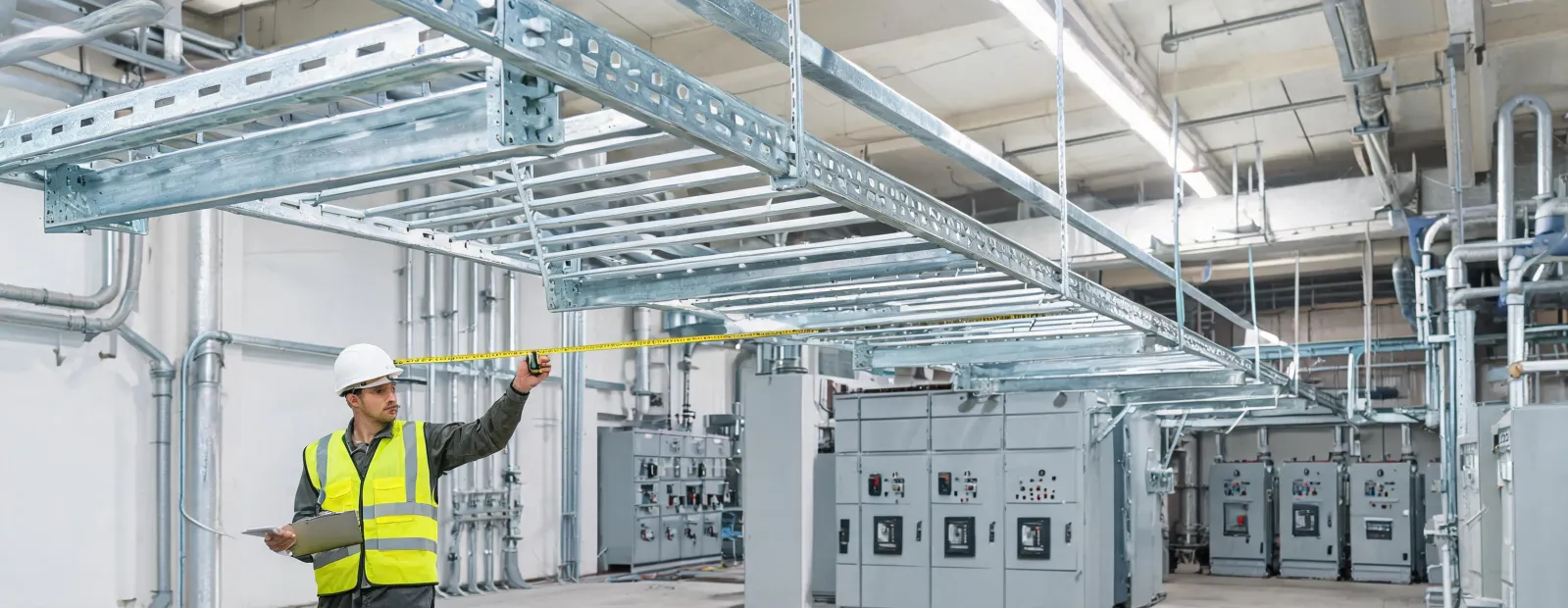 Cable tray engineering team reviewing an industrial route
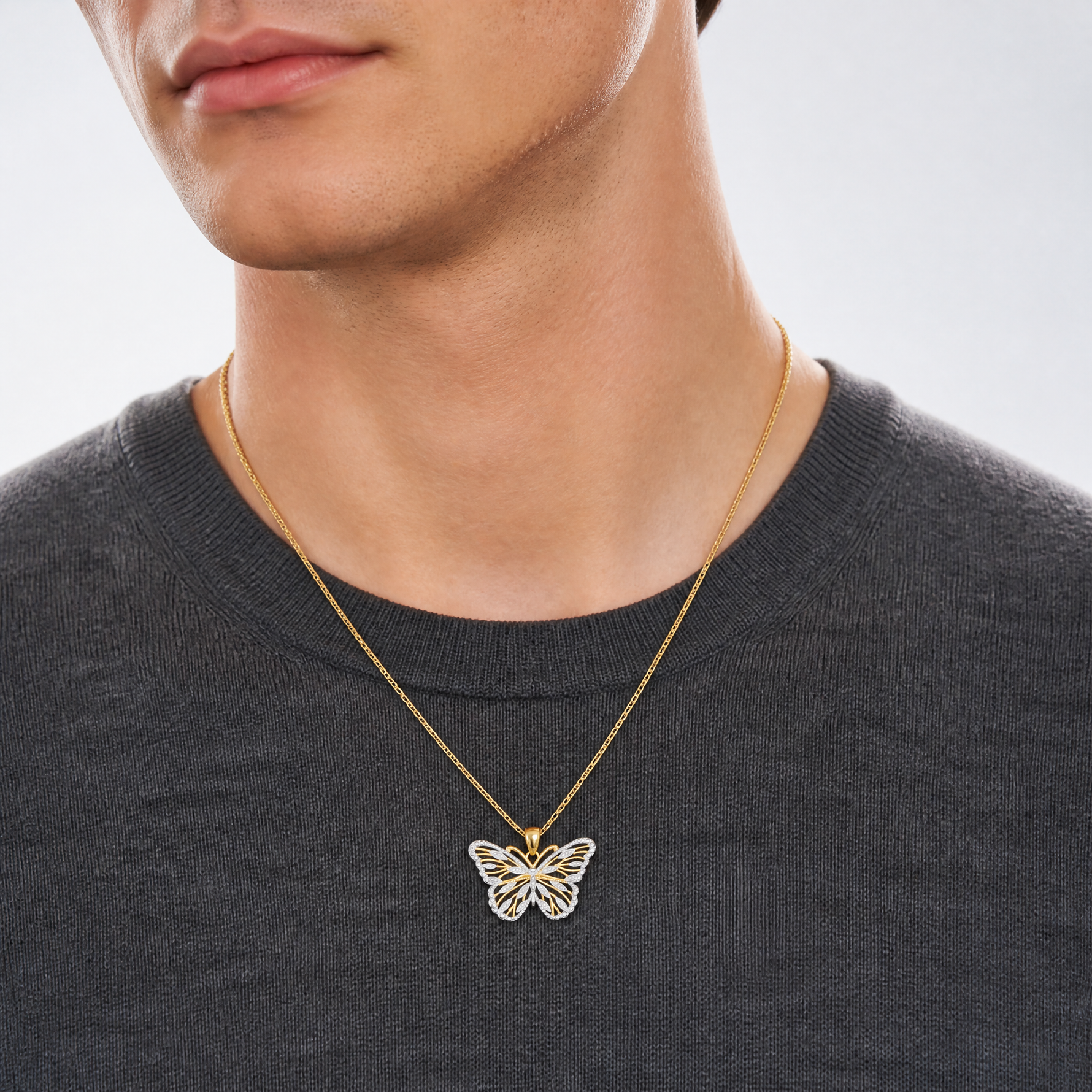 14k and Rhodium Butterfly Pendant - Model Shot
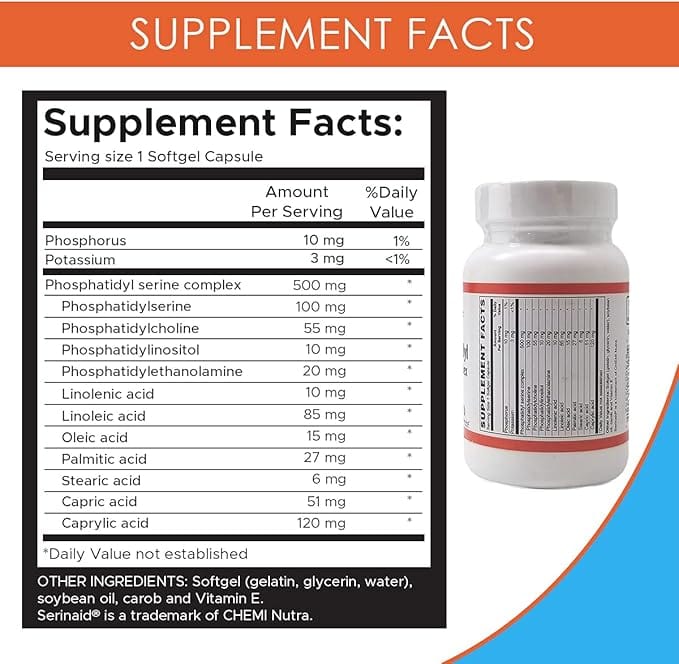 Complexe de phosphatidyl sérine (phosphatidylsérine) 500 mg (ps / pe / pc) 60 softgels - santé holistique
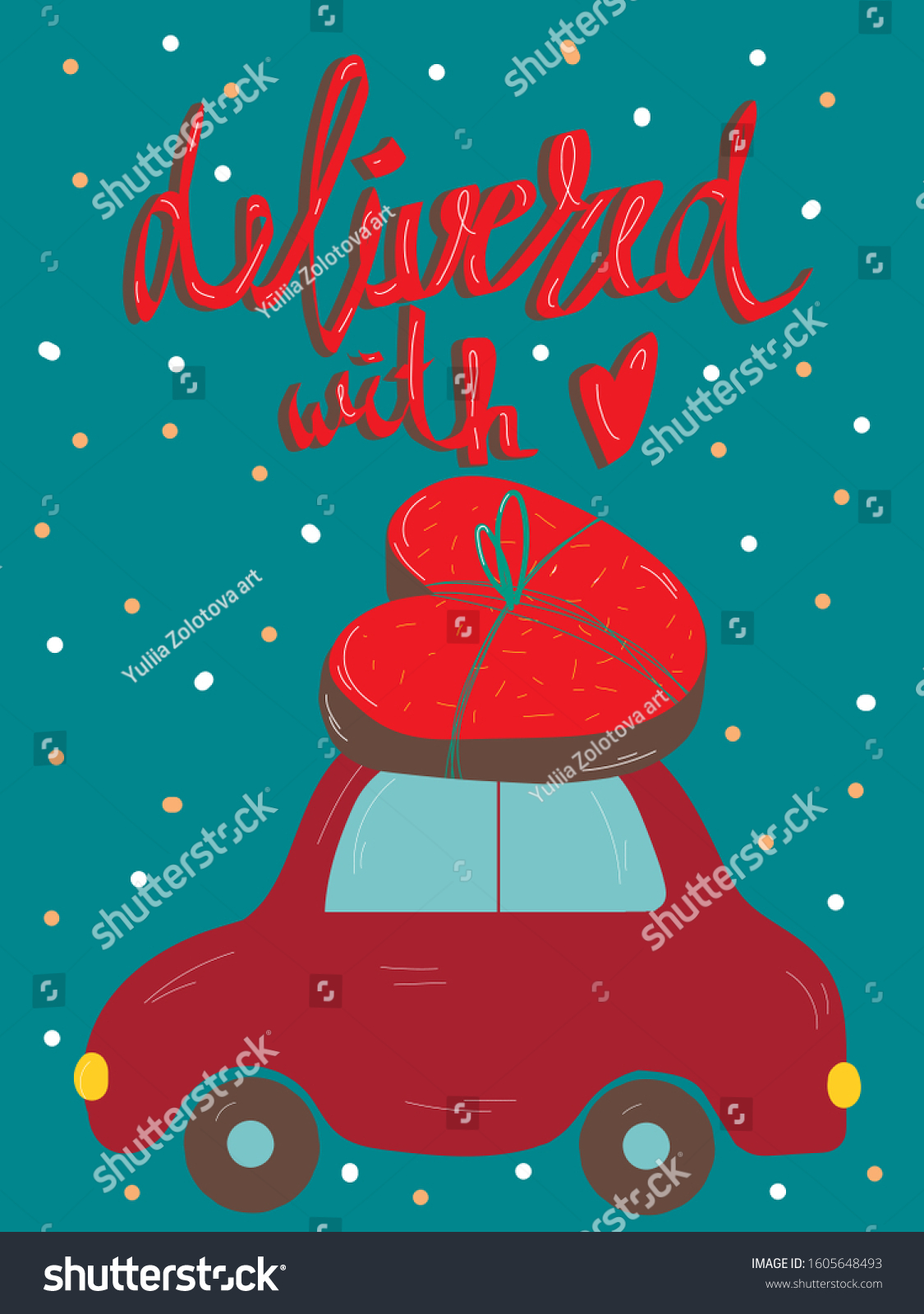 Valentine Greeting Card Poster Cute Hand Stock Vector Royalty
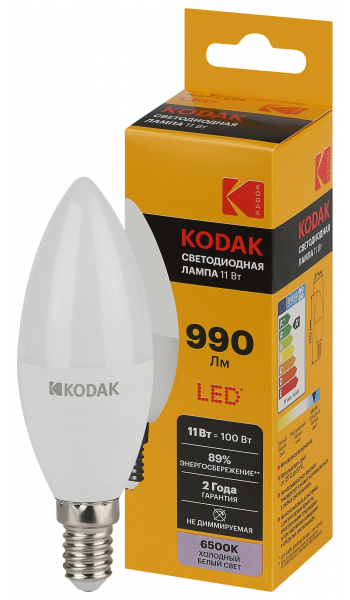 Светодиодная лампа свеча Kodak B35 11Вт 865 E14 свеча холодный дневной свет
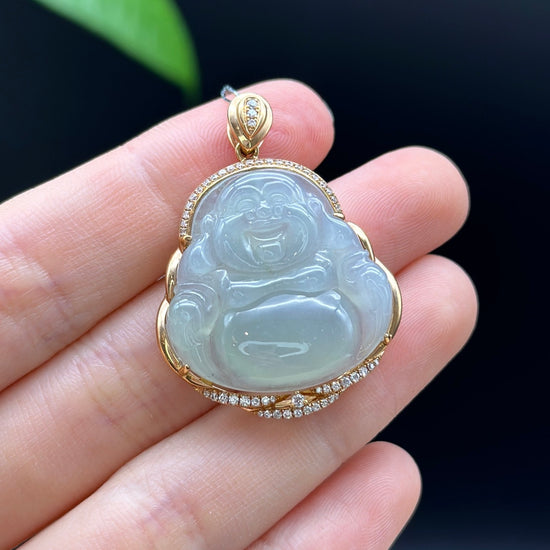 RealJade® "Laughing Buddha" 18k Rose Gold Genuine Ice Jadeite Jade Pendant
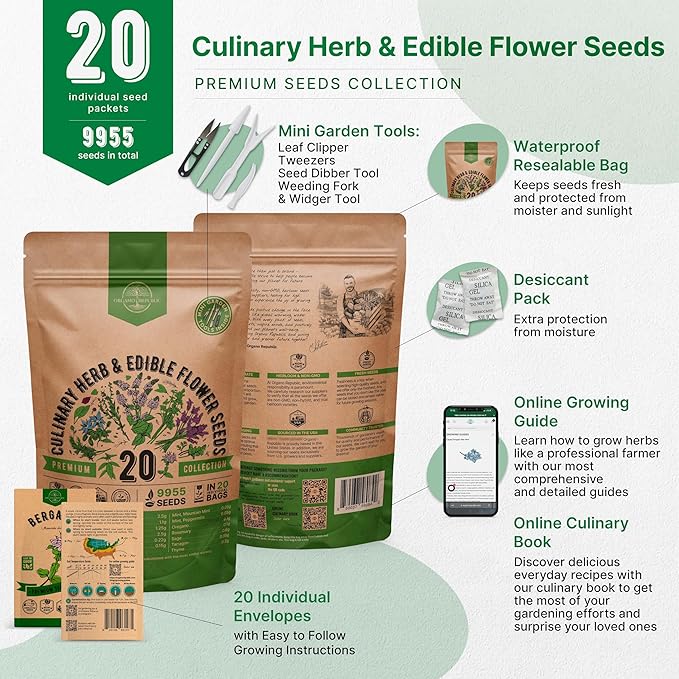 20 Culinary Herbs & Edible Flower Seed Variety Pack for Planting Indoor & Outdoors. 9500+ Non-GMO Heirloom Flower Seeds: Basil, Borage, Echinacea, Lavender, Oregano, Rosemary Seeds & More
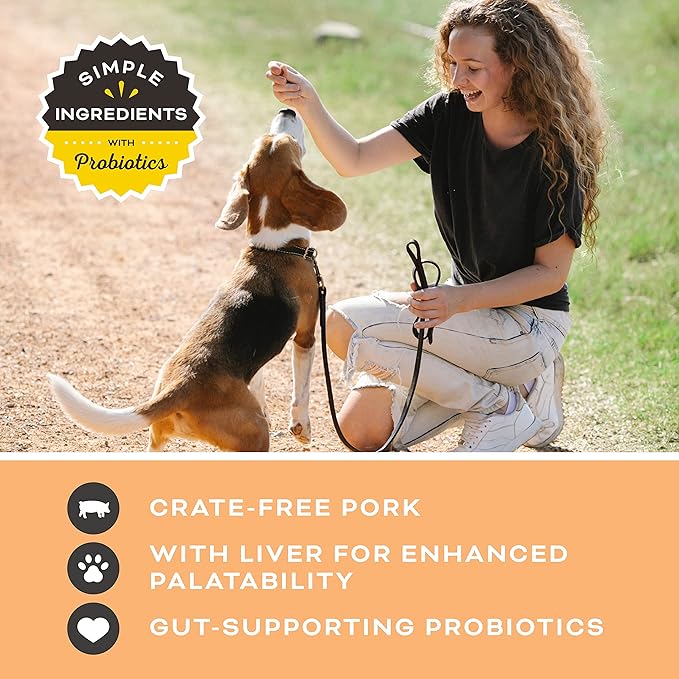 Primal Freeze Dried Dog Treats; Pork Liver Dog Treats with Probiotics for Dogs; Liver, Laugh, Love; Crunchy Grain Free Training Treats for Dogs, 1.5 oz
----------------
All records above should be duplicated exactly, with the pictures omitted.

 Cable tray engineering team reviewing an industrial route
 14k and Rhodium Butterfly Pendant - Model Shot
 Complexe de phosphatidyl sérine (phosphatidylsérine) 500 mg (ps / pe / pc) 60 softgels - santé holistique
 Valentine Greeting Card Poster Cute Hand Stock Vector Royalty
 Светодиодная лампа свеча Kodak B35 11Вт 865 E14 свеча холодный дневной свет
 RealJade® "Laughing Buddha" 18k Rose Gold Genuine Ice Jadeite Jade Pendant
 20 Culinary Herbs & Edible Flower Seed Variety Pack for Planting Indoor & Outdoors. 9500+ Non-GMO Heirloom Flower Seeds: Basil, Borage, Echinacea, Lavender, Oregano, Rosemary Seeds & More
 Primal Freeze Dried Dog Treats; Pork Liver Dog Treats with Probiotics for Dogs; Liver, Laugh, Love; Crunchy Grain Free Training Treats for Dogs, 1.5 oz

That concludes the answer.